> [WHAT THE TASK ASKS] Reproduce the data below line by line, from its first line to the line with "Gummies de potassium", both included, and nothing past that point.

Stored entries
* * * * * * *
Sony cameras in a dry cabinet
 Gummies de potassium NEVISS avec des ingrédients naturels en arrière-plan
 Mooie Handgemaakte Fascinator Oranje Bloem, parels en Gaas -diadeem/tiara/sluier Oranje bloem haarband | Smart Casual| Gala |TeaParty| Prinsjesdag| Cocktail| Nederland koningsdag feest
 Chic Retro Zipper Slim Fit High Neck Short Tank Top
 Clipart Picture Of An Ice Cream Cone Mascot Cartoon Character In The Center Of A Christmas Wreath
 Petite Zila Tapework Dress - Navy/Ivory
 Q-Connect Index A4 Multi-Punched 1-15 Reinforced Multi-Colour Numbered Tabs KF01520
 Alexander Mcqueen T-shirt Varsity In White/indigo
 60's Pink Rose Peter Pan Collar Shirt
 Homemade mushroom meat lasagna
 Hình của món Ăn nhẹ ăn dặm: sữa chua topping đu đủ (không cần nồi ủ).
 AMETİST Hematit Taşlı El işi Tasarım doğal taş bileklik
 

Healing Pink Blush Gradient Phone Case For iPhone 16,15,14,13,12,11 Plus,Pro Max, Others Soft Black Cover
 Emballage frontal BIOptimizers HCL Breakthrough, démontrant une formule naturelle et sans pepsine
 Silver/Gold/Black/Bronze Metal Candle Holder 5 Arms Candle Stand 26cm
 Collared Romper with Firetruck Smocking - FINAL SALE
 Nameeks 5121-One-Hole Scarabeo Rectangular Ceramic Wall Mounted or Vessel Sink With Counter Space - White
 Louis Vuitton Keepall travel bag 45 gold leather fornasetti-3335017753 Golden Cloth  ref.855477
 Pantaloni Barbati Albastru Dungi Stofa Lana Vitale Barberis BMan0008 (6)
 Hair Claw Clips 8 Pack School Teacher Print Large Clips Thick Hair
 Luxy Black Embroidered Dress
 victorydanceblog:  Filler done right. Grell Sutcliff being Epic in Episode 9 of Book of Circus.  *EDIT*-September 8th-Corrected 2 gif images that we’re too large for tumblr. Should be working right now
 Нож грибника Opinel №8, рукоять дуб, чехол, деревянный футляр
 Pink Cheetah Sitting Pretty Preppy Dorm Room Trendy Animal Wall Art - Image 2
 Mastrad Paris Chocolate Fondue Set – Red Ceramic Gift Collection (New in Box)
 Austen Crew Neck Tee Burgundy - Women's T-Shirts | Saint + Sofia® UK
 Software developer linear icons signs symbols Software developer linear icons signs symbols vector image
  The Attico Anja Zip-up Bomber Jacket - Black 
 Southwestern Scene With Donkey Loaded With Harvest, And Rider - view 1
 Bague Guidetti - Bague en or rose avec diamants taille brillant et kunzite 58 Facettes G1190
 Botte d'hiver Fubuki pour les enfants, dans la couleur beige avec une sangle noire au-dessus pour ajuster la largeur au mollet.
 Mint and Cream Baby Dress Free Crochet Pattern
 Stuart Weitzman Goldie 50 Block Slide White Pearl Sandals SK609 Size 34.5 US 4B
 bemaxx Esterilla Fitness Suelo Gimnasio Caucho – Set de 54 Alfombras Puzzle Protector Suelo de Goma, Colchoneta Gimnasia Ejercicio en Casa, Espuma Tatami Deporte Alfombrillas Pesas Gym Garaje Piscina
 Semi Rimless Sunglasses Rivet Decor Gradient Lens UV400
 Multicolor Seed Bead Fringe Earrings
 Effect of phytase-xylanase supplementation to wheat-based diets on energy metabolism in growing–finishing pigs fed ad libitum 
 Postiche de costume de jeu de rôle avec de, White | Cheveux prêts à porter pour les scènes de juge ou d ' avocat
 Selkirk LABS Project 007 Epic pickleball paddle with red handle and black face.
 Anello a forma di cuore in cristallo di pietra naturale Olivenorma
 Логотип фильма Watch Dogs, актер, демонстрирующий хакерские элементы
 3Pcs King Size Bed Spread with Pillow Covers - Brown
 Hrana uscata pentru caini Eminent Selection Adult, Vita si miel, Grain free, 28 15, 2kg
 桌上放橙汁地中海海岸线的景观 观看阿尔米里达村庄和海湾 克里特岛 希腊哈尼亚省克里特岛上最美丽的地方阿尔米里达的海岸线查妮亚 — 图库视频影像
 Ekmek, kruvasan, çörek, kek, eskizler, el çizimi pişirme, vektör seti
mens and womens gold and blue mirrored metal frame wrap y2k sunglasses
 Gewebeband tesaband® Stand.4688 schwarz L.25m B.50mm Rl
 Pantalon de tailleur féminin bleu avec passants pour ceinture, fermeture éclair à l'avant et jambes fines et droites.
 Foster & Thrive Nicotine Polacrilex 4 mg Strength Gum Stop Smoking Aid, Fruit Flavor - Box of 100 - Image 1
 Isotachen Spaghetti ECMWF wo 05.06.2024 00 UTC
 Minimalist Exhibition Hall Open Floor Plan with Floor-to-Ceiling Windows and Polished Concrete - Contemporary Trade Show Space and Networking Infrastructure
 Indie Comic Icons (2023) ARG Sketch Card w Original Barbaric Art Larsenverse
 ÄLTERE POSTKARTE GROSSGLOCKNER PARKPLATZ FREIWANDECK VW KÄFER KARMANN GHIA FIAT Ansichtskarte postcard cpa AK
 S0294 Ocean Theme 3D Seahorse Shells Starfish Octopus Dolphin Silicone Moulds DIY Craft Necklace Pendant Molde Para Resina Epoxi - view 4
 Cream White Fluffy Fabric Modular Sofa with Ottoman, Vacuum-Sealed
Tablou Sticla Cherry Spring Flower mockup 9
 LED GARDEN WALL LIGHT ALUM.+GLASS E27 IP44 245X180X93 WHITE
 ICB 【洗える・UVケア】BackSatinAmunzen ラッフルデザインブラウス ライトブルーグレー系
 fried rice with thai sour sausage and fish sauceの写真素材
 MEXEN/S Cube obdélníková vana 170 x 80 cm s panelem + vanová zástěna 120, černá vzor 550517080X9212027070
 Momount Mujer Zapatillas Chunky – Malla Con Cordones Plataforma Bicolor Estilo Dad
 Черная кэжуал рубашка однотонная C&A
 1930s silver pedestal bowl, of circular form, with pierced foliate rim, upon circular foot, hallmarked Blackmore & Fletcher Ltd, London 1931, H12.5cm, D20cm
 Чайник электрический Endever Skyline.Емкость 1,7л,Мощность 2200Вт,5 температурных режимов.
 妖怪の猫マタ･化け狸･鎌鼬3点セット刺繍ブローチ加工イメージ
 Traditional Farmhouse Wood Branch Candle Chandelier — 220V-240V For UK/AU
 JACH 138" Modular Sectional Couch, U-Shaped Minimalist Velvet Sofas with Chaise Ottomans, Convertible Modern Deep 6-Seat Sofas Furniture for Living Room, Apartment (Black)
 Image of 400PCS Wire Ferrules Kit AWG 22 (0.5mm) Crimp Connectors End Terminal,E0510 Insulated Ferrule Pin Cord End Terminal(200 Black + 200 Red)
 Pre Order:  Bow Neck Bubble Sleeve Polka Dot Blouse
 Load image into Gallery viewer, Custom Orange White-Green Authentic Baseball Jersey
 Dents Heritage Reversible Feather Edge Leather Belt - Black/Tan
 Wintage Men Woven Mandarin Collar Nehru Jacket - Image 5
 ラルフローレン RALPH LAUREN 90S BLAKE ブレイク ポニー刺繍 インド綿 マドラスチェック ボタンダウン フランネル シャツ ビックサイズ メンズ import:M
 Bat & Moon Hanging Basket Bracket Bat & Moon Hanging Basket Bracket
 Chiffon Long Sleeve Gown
* * * * * * *
> [RESPONSE TO THE EXERCISE]
Sony cameras in a dry cabinet
 Gummies de potassium NEVISS avec des ingrédients naturels en arrière-plan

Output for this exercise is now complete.